Here are some further thoughts. Our theology tends to come from whatever we trust. Albom has unfortunately not trusted Scripture, but a hodgepodge of pop psychology and pop religion, with a little New Age thrown in. The fact that he has some good insights along the way makes the heresy all the more effective. Hand somebody undisguised rat poison and they won’t eat it. Cover it in chocolate, and they likely will. All effective heresy contains much that is true—it’s the chocolate that deceives us into eating the rat poison.

1 Timothy 4:1 says, “The Spirit clearly says that in later times some will abandon the faith and follow deceiving spirits and things taught by demons” (“doctrines of demons” in some translations). False doctrine is more than errant human opinion. Often its source is in another world, where evil spirits label to deceive us. Ironically, demons know true doctrine better than we do—making them all the more effective in obscuring and twisting it: “You believe that there is one God. Good! Even the demons believe that—and shudder” (James 2:19).

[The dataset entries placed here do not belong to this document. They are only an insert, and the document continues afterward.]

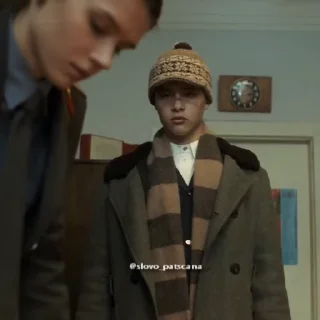 😐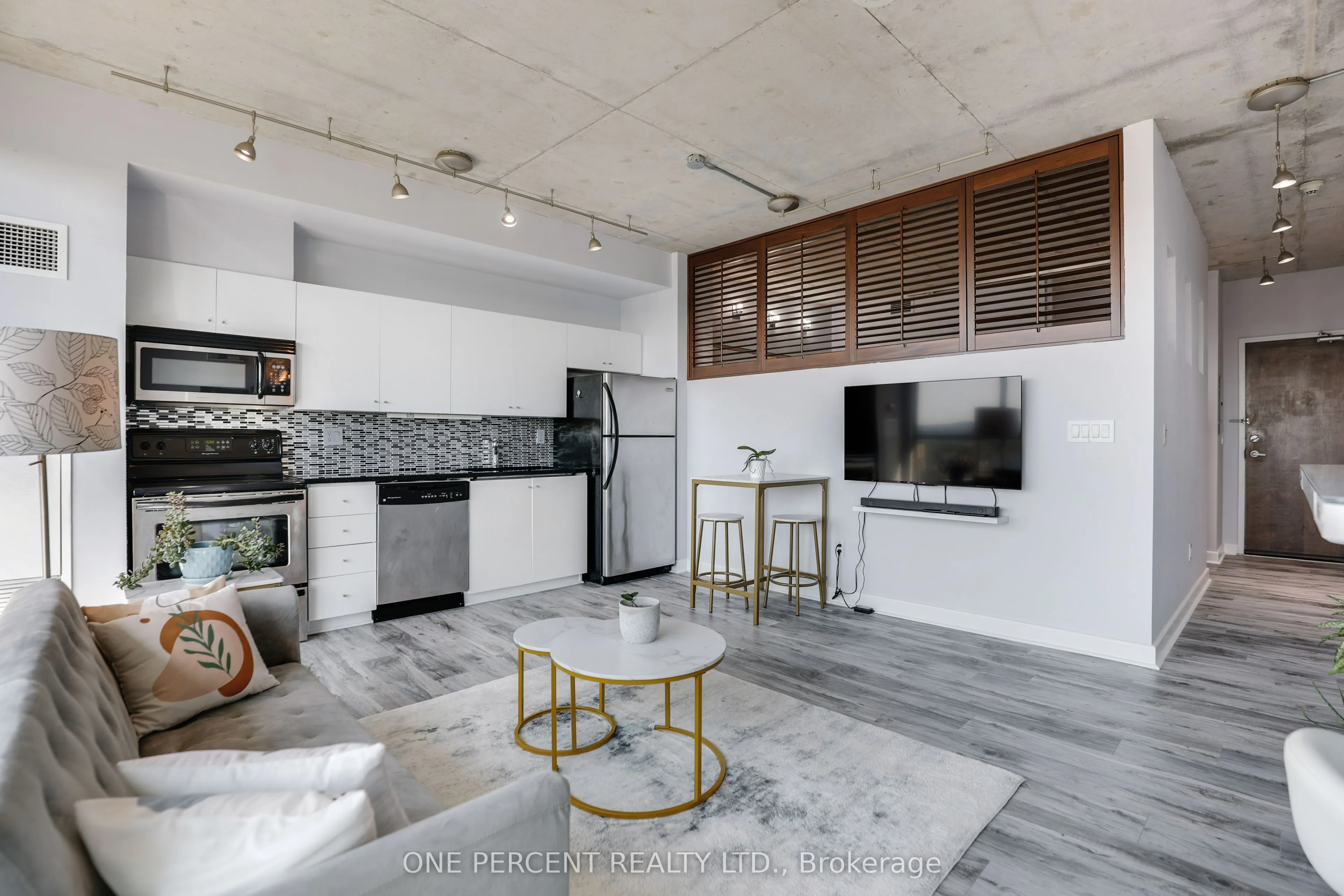 180 York Street, #904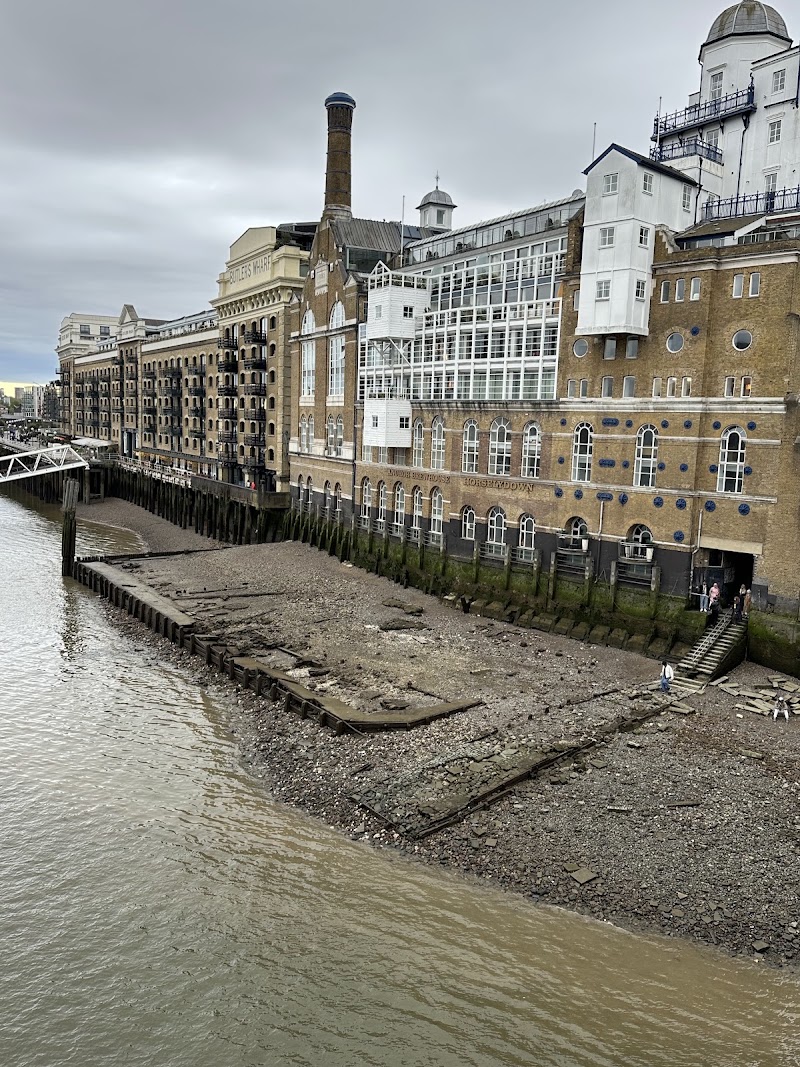 Horselydown Old Stairs - Horselydown Old Stairs, 48 Shad Thames, London SE1 2LY, UK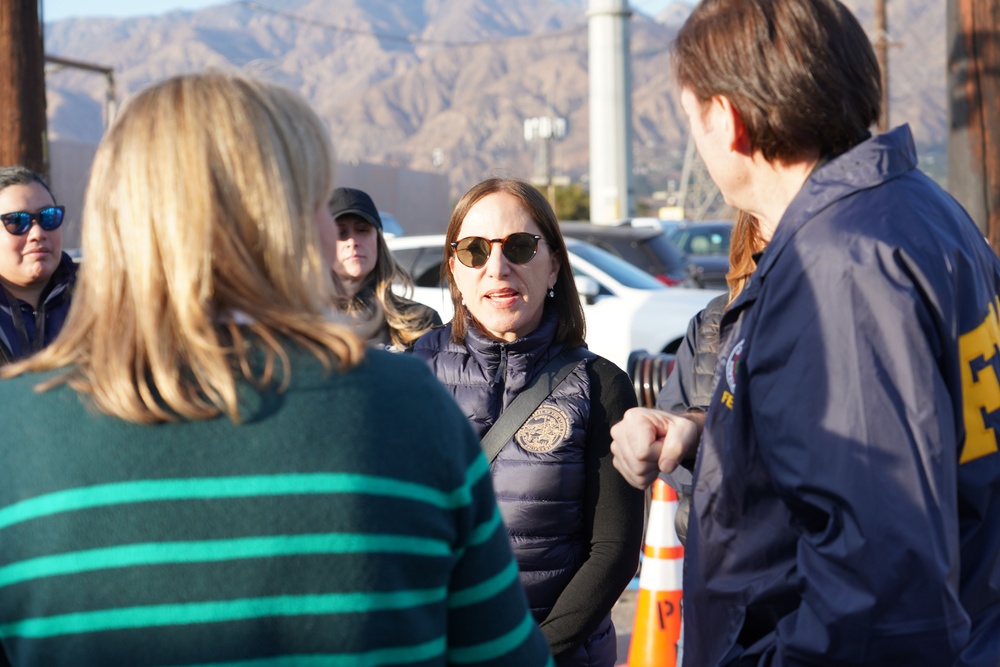 The Lieutenant Governor of California Visits FEMA's Disaster Recovery Center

A remarkable statement is made in 1 Timothy 6:3-4: “If anyone teaches false doctrines and does not agree to the sound instruction of our Lord Jesus Christ and to godly teaching, he is conceited and understands nothing...”

A rather blanket condemnation, but nonetheless what Scripture says. What strikes me is the first description that comes to Paul’s mind, as prompted by the Holy Spirit—before all else, a teacher of false doctrines is regarded as CONCEITED. Why? I think it’s because he chooses his preferred doctrines over God’s revealed doctrines. And that is not just error, it is the ultimate conceit. It says “I trust my own opinions and perspectives (which are often identical to the current drift of a person’s culture) more than I trust God’s.” Hence, he is putting himself in God’s place. He makes himself God.

The judgment upon the false prophet is serious indeed (capital punishment in Old Testament). The burden laid on Bible teachers in the New Testament is heavy: Titus 2:1 says, “You must teach what is in accord with sound doctrine.” That’s a good verse to put on our computer monitors. And hence, James says, “Not many of you should presume to be teachers, my brothers, because you know that we who teach will be judged more strictly” (James 3:1).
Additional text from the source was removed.